Stoney also complained that no other locality in Virginia has implemented such restrictions. That appears to be true. However, unlike some of the state’s other cities, Richmond hasn't been the best model of financial transparency and accountability.
I often tell my students: budgeting is at the heart of politics. If you can understand budget documents and the budgeting process, you’ve got a leg up on any everyone else in the political world. Unfortunately, like most people, my eyes glaze over when staring at spreadsheets, so I'm not much of an expert myself.
Still, like most RVA residents, I’ve been frustrated with the city’s financial bureaucracy. Just in the past few months, we’ve seen infighting between the City’s Finance Department and Auditor, a mysterious $13M budget surplus, and a history of late financial reporting. And just this past week we found out the Finance Department sent out thousands of property tax bills with an erroneous $20 charge.
These problems are not Levar Stoney’s fault, and he’s in the process of conducting an extensive performance review of his administrative departments. But the dynamic I described a month or two ago still holds: in reforming Richmond’s government, Stoney is trying to turn an oil tanker. Sure, he has a right to be concerned about City Council interfering with his ability to govern. But he also has to worry about an entrenched and dysfunctional bureaucracy doing the same. It's possible that having City Council hounding his administrators over funding might actually be a useful tool for reform. Why not let them do the dirty work for him?
Plus I’m not convinced the new requirements will be as restrictive as Stoney and his staff are warning. Apparently the Fire Chief was already worrying "whether he would be able to move an employee from the Fire Department’s training program to its broader operations without having an ordinance drafted and put before the City Council." This seems like an overreaction – a budget does not control every moment of city employees’ time. The Fire Chief, and other department heads, will figure it out. But they’ll at least have to explain major moves -- and major mistakes -- in front of City Council. That might shine some much needed sunlight on the workings of our government offices.
The other thing to note about this brouhaha is that we’re watching political rules get written, in real-time.

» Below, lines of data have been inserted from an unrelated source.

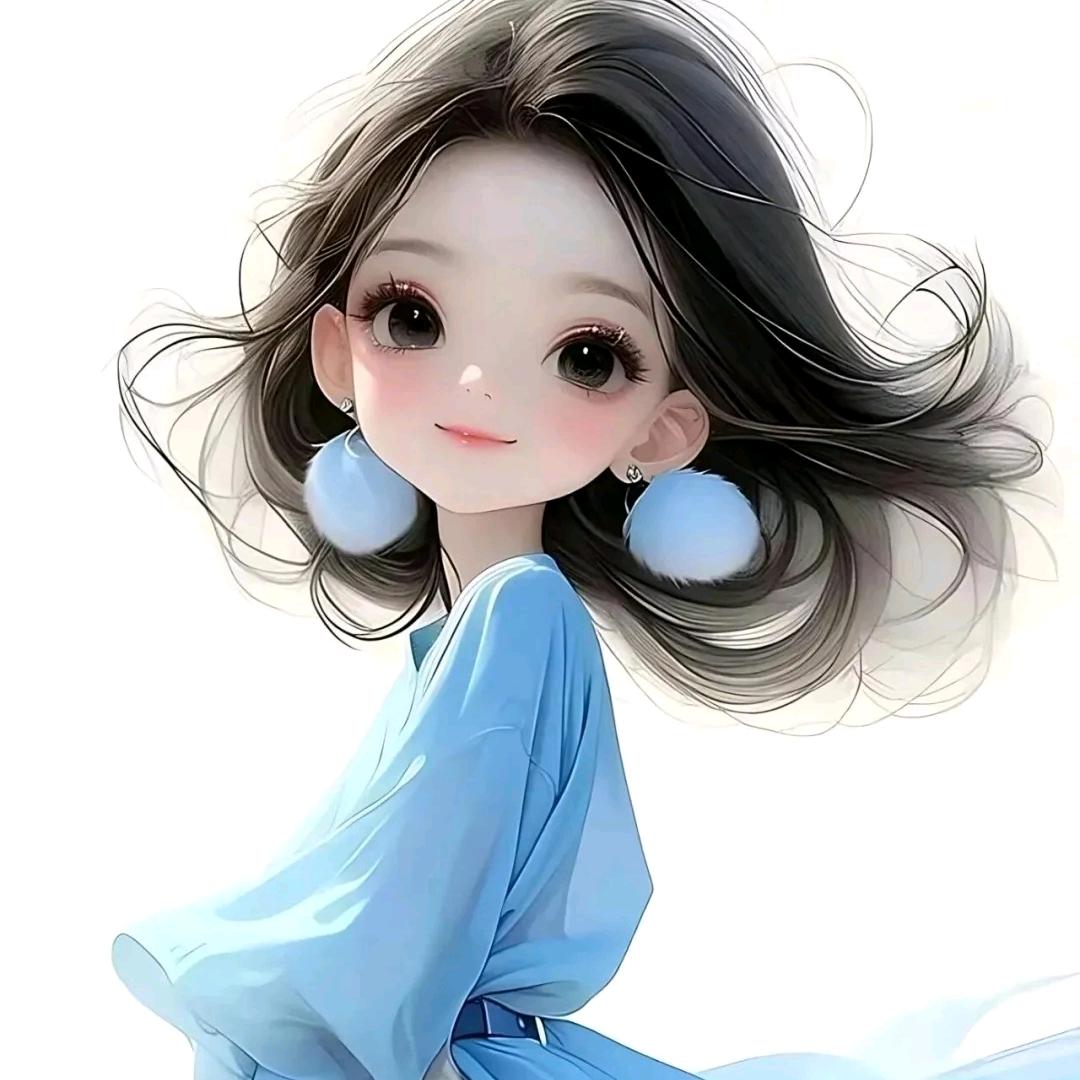 ℋ༿ོ南鸢᭄࿐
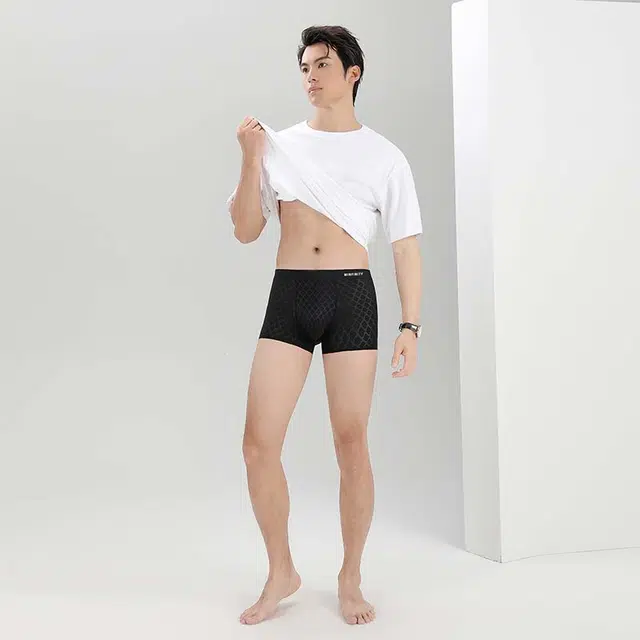 Minfinity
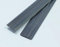 CENTROFIX CENTROSTAR QUICKFIX HSS Hobelmesser SystemhobelmesserMade in Germany (Hochgeschwindigkeitsstahl (HSS), 530x12x2,7mm)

I wrote this back in 2014:
Richmond's government is relatively new; the city only went to a "strong-mayor" model, with a separately elected Council and mayor, in 2005. The rules for power-sharing among branches are not well-developed, especially because Doug Wilder's rocky term as Mayor did not really establish any precedents.
So there aren’t well-established roles for City Council and the Mayor under our current system of government. It’s almost inevitable, particularly after a change election like the one we just had, that there would be tensions between branches as they work out governing arrangements.
I suspect that after this flare-up, we’ll go back to seeing sunnier relations between the Council and Mayor. Budgeting might be the toughest part of city politics, and this year’s battles are almost over. That’s good for Mayor Stoney, because he’s going to need the Council’s help -- especially against his own people.